§ Task statement
Your answer should hold only the lines from the start of the data below through the line with "Teen Girls Solid", copied exactly, with pictures left out.
[[ Data extract open ]]
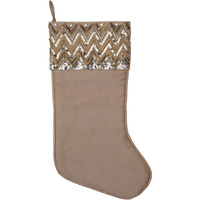 19" Champagne Chevron Sequin Stocking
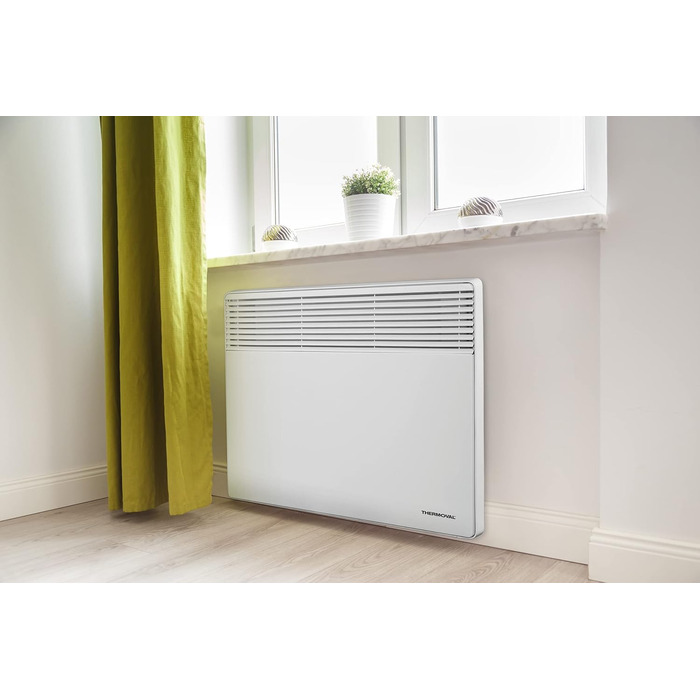 Електричний конвектор Thermoval, електричний радіатор TX 2500, 2,5 кВт, IP20, окремостоячий або настінний електричний обігрівач, електричне опалення для житлових та офісних приміщень, конвекторний обігрівач, білий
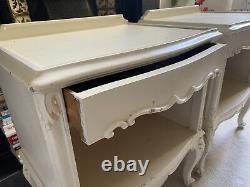 2 X Vintage Art Nouveau Shabby Chic French Style White Solid Wood Bedside Tables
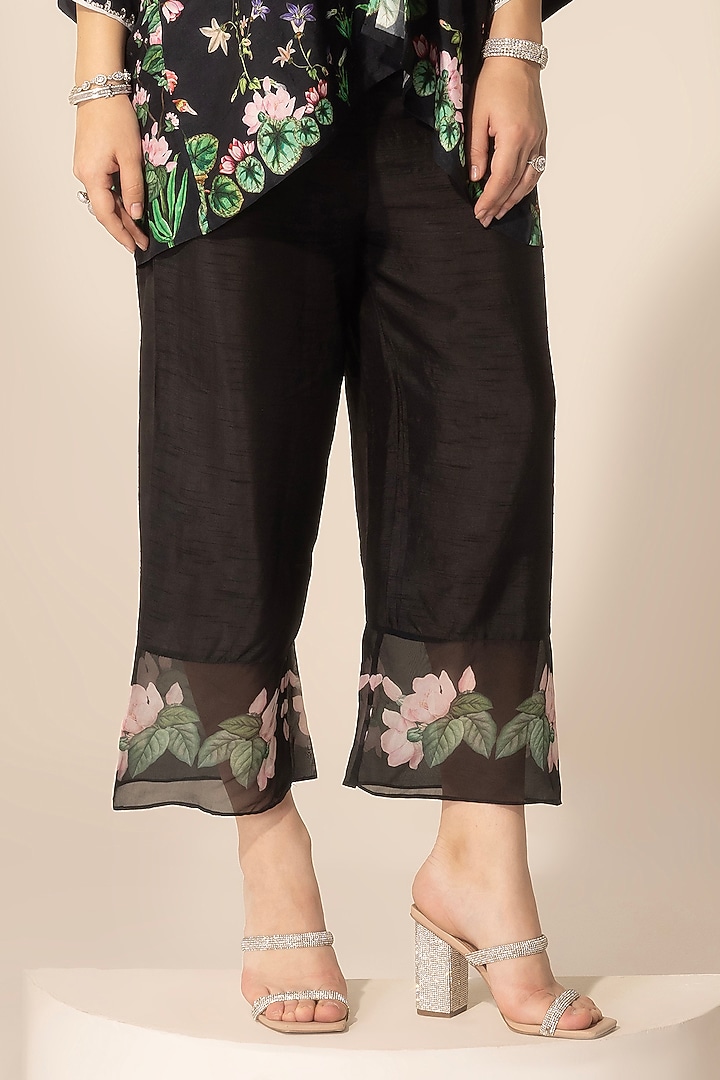 Black Viscose Organza Botanical Printed & Embellished Kaftan Set by Sakshi Girri at Pernia's Pop Up Shop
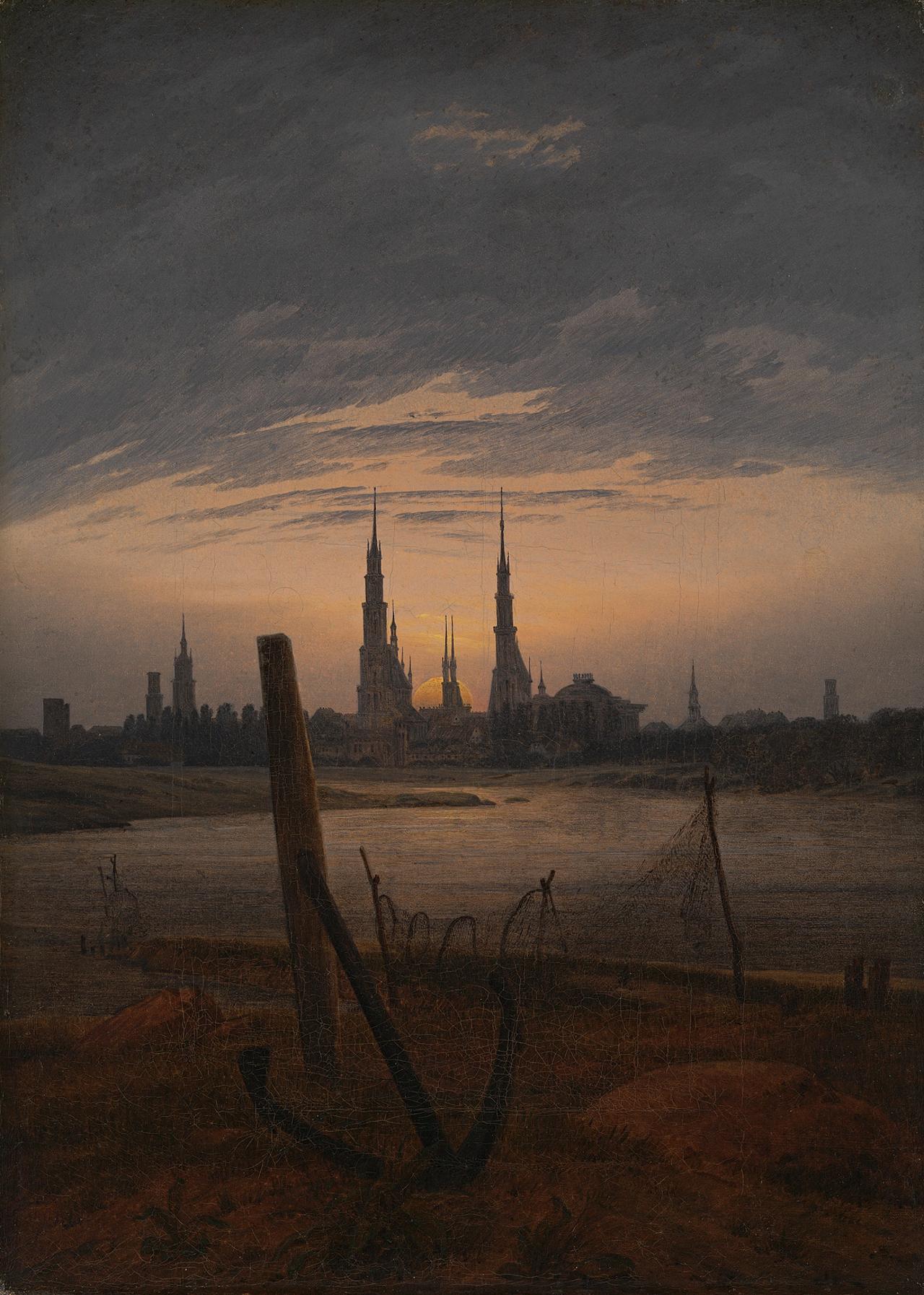 Reproduction du tableau « Ville au lever de Lune - Caspar David Friedrich » par Alpha Reproduction en peinture à l’huile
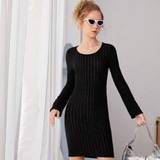 Teen Girls Solid Color Ribbed Knitted Sweater Dress - Black - 14Y,13Y,16Y,15Y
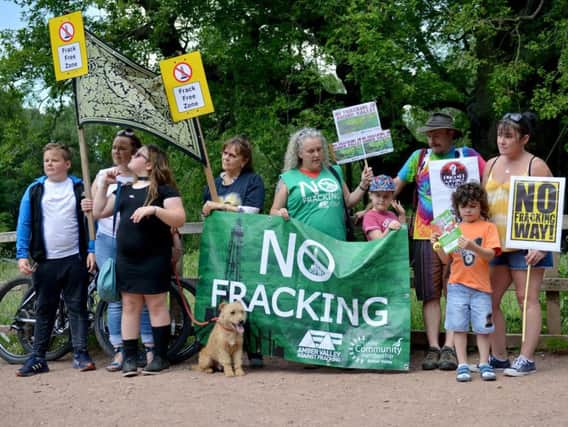 Anti-fracking demonstrators at the Major Oak, Sherwood Forest.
[[ Data extract closed ]]
§ Reply to the task
 19" Champagne Chevron Sequin Stocking
 Електричний конвектор Thermoval, електричний радіатор TX 2500, 2,5 кВт, IP20, окремостоячий або настінний електричний обігрівач, електричне опалення для житлових та офісних приміщень, конвекторний обігрівач, білий
 2 X Vintage Art Nouveau Shabby Chic French Style White Solid Wood Bedside Tables
 Black Viscose Organza Botanical Printed & Embellished Kaftan Set by Sakshi Girri at Pernia's Pop Up Shop
 Reproduction du tableau « Ville au lever de Lune - Caspar David Friedrich » par Alpha Reproduction en peinture à l’huile
 Teen Girls Solid Color Ribbed Knitted Sweater Dress - Black - 14Y,13Y,16Y,15Y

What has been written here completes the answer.